Vicare Scheme: baselib characters

4.10 Characters

The characters are objects that represent Unicode scalar values.

Unicode defines a standard mapping between sequences of Unicode scalar values (integers in the range 0 to #x10FFFF, excluding the range #xD800 to #xDFFF) in the latest version of the standard and human–readable “characters”.

More precisely, Unicode distinguishes between glyphs, which are printed for humans to read, and characters, which are abstract entities that map to glyphs (sometimes in a way that’s sensitive to surrounding characters). Furthermore, different sequences of scalar values sometimes correspond to the same character. The relationships among scalar, characters, and glyphs are subtle and complex.

Despite this complexity, most things that a literate human would call a “character” can be represented by a single Unicode scalar value (although several sequences of Unicode scalar values may represent that same character). For example, Roman letters, Cyrillic letters, Hebrew consonants, and most Chinese characters fall into this category.
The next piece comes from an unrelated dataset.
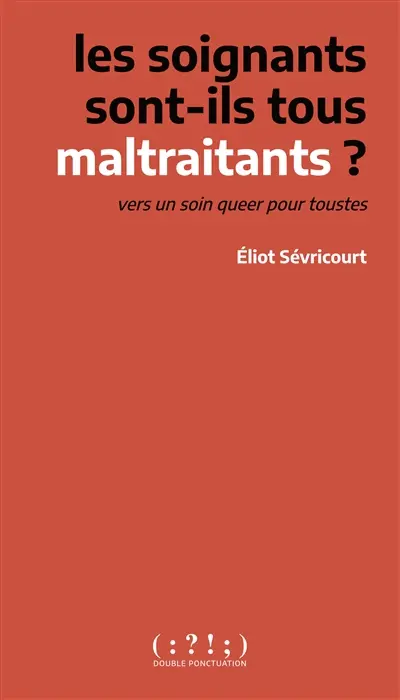 Les soignants sont-ils tous maltraitants ? : vers un soin queer pour toustes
Unicode scalar values exclude the range #xD800 to #xDFFF, which are part of the range of Unicode code points. However, the Unicode code points in this range, the so–called surrogates, are an artifact of the UTF–16 encoding, and can only appear in specific Unicode encodings, and even then only in pairs that encode scalar values. Consequently, all characters represent code points, but the surrogate code points do not have representations as characters.

Procedure: char? obj: Return #t if obj is a character, #f otherwise.
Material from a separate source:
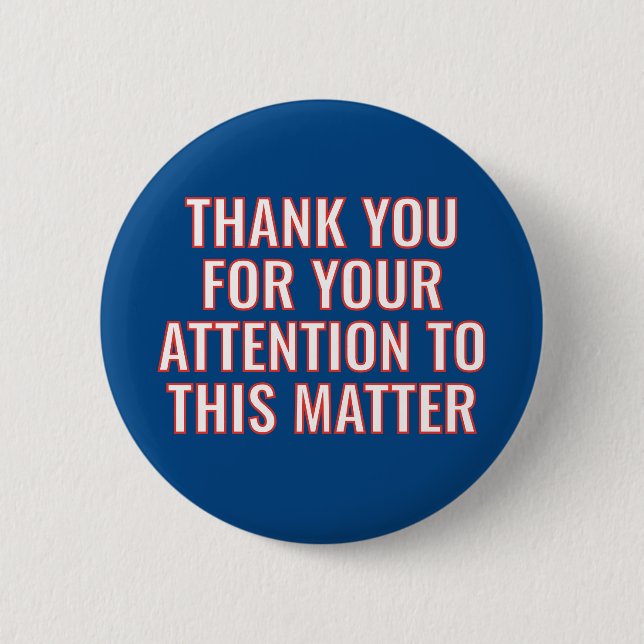 Badge Rond 5 Cm Merci pour votre attention sur cette question (Devant)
Procedure: char->integer char

Procedure: integer->char sv

sv must be a Unicode scalar value, i.e., a non–negative exact integer object in [0, #xD7FF] union [#xE000, #x10FFFF].

Given a character, char->integer returns its Unicode scalar value as an exact integer object. For a Unicode scalar value sv, integer->char returns its associated character.
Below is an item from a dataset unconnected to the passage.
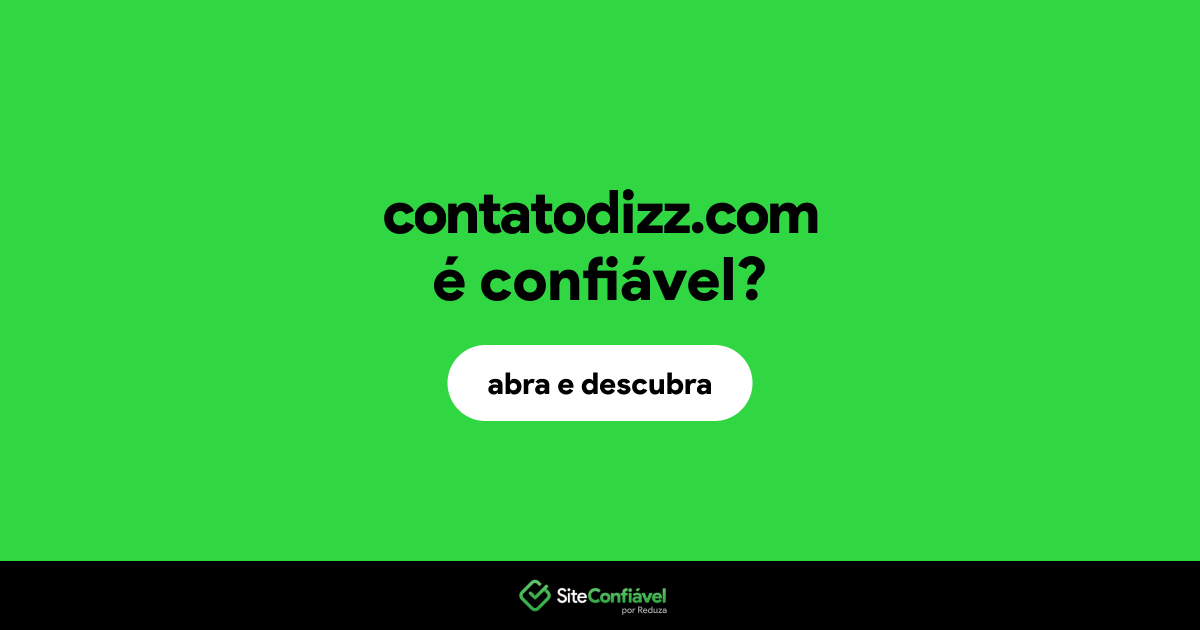 O site contatodizz.com é confiável?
(integer->char 32)                      ⇒ #\space
(char->integer (integer->char 5000))    ⇒ 5000
(integer->char #\xD800)                 ⇒ exception &assertion

Procedure: char=? char1 char2 char3 …

Procedure: char<? char1 char2 char3 …

Procedure: char>? char1 char2 char3 …

Procedure: char<=? char1 char2 char3 …

Procedure: char>=? char1 char2 char3 …

These procedures impose a total ordering on the set of characters according to their Unicode scalar values.

(char<? #\z #\Z)                ⇒ #f